## YOUR GOAL:
Only the lines from the one containing "Modern Series 3" through the last line of the material should be copied, exactly as written and without pictures.

## RECORDED INFORMATION:
[Start of section]
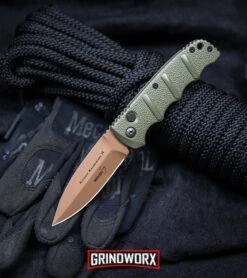 Boker Kalashnikov Desert Warrior Dagger Automatic Knife - Copper Plain -Best Knifes Shop Boker Desert Warrior Kalashnikov Dagger Automatic Knife OD Green Copper BHQ30436 kp rope web large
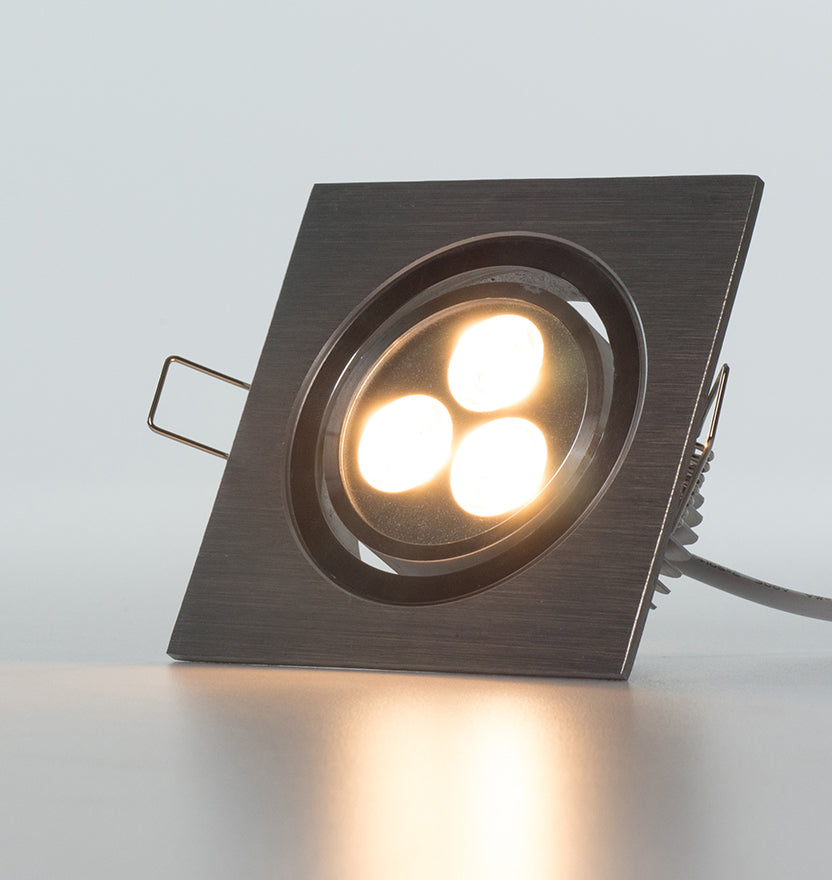 Modern Series 3 LED Recessed Light for Flat or Sloped Ceilings - Ultra Bright (9W) - Dark Bronze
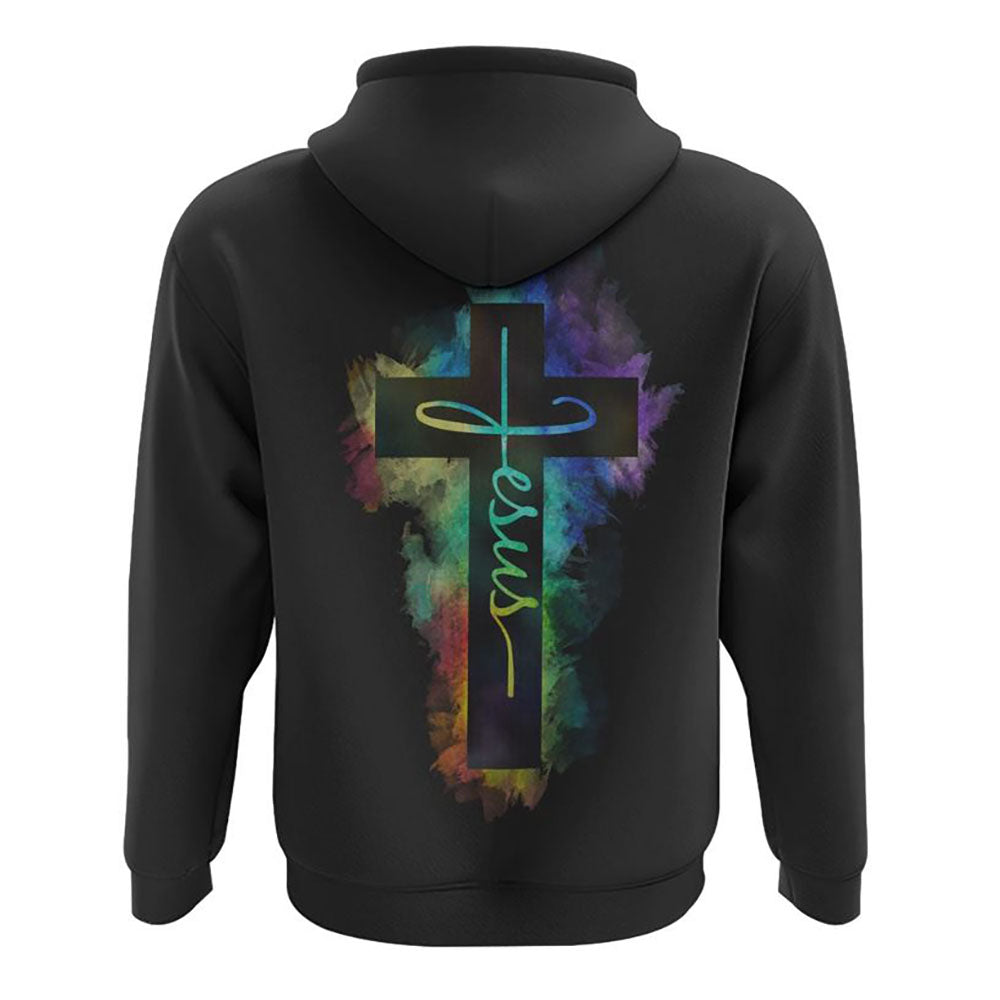Colorful Watercolor Jesus Cross 3D Hoodie Christian Sweatshirt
[End of section]
## EXPECTED OUTPUT:
 Modern Series 3 LED Recessed Light for Flat or Sloped Ceilings - Ultra Bright (9W) - Dark Bronze
Colorful Watercolor Jesus Cross 3D Hoodie Christian Sweatshirt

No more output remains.